In this setting **metrics are particularly challenging**. In fact, we would like to penalise some of the simulation drift (e.g. going off road or in the opposite lane) while at the same time allow others (e.g. different speed profiles). As an example, using the same metrics we employed during the open loop evaluation (e.g. ADE) would penalise DriveNet Unconditionally.

At Lyft L5, we use a large set of different metrics to capture dangerous manoeuvres and behaviours. 

For the sake of simplicity, in this notebook we will be using a very simple proxy to detect if our model is driving in a sensible way, composed of two different metrics:

### Collisions
Our AV should avoid collisions with other agents. However, not all collisions are created equally. This is because while our AV is fully controlled by Drivenet, other agents are not (a setting we call **log replay**).

If our AV was slower than the recorded one, chasing agents might bump into us. Clearly, this won't happen in a real setting where other agents can react to our behaviour.

In this simple example, we won't distinguish between collisions caused by non reactivity of other agents and actual collisions, and we will simply report them all categorised by where they occurred (front, rear and side with respect to the AV).

However, if we only considered collision, our AV could pass our tests by driving off-road or in a different lane.

### Distance from Reference Trajectory
To address the issue presented above, we require our DriveNet to loosely stick to the original trajectory in the data. By setting the right threshold on the distance we can allow for different speed profile and small steerings, while pensalising large deviations like driving off-road.

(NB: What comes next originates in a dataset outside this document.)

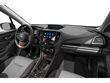 2023 Subaru Forester SUV 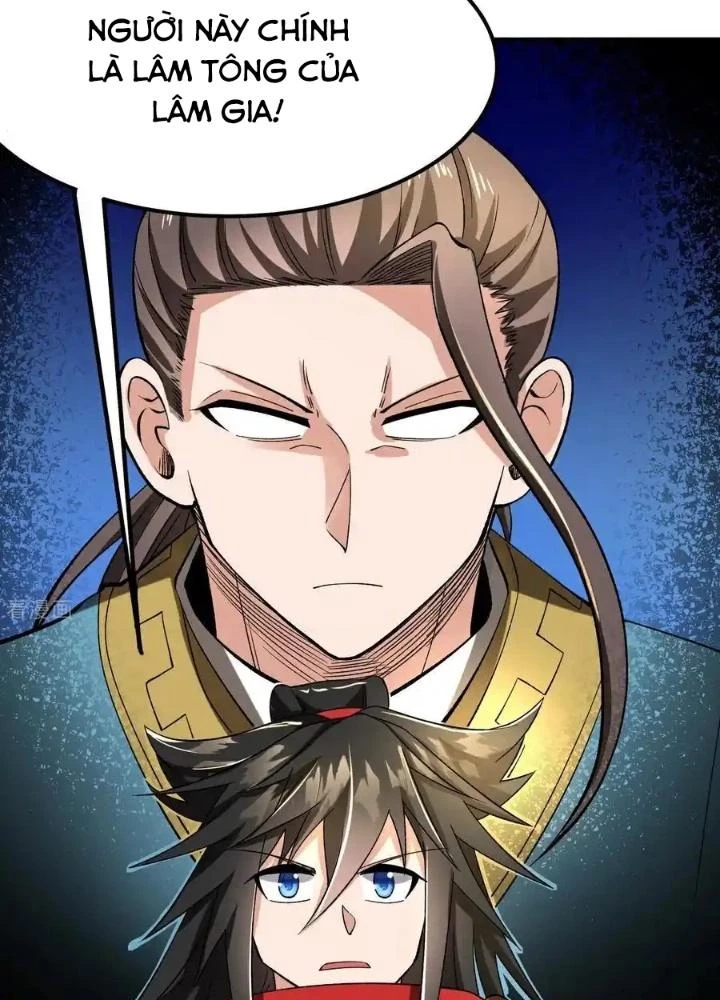 Chiến Thần Bất Tử Chapter 67 - Next Chapter 68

We can do so by computing the distance between the first predictions from DriveNet and the corresponding annotated positions in world coordinates.

In [None]:
from tempfile import gettempdir
import matplotlib.pyplot as plt
import numpy as np
import torch
from torch import nn, optim
from torch.utils.data import DataLoader
from torch.utils.data.dataloader import default_collate
from tqdm import tqdm

from l5kit.configs import load_config_data
from l5kit.data import LocalDataManager, ChunkedDataset, filter_agents_by_frames
from l5kit.dataset import EgoDataset
from l5kit.rasterization import build_rasterizer
from l5kit.geometry import transform_points, angular_distance, yaw_as_rotation33
from l5kit.visualization import TARGET_POINTS_COLOR, PREDICTED_POINTS_COLOR, draw_trajectory
from l5kit.drivenet.model import DriveNetModel
from l5kit.drivenet.utils import detect_collision
from l5kit.kinematic import AckermanPerturbation
from l5kit.random import GaussianRandomGenerator

import os

## Prepare Data path and load cfg

By setting the `L5KIT_DATA_FOLDER` variable, we can point the script to the folder where the data lies.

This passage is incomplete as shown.